Task details: Except for images, print the whole listing verbatim.

Supplied information:
- Opening Delimiter -
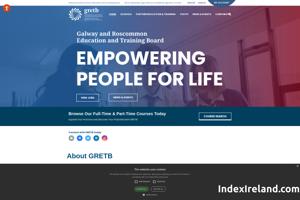 Galway and Roscommon Education and Training Board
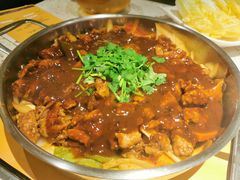 -黄记煌三汁焖锅(广州曜一城店)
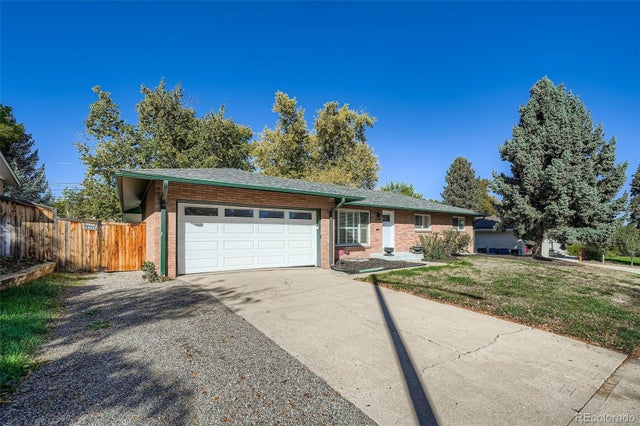 3565 S Holly Street, Denver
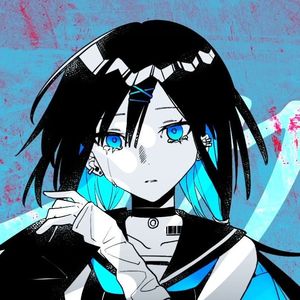 ジゴク01(地狱01) feat. 初音ミク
- Closing Delimiter -
Task response:
 Galway and Roscommon Education and Training Board
 -黄记煌三汁焖锅(广州曜一城店)
 3565 S Holly Street, Denver
 ジゴク01(地狱01) feat. 初音ミク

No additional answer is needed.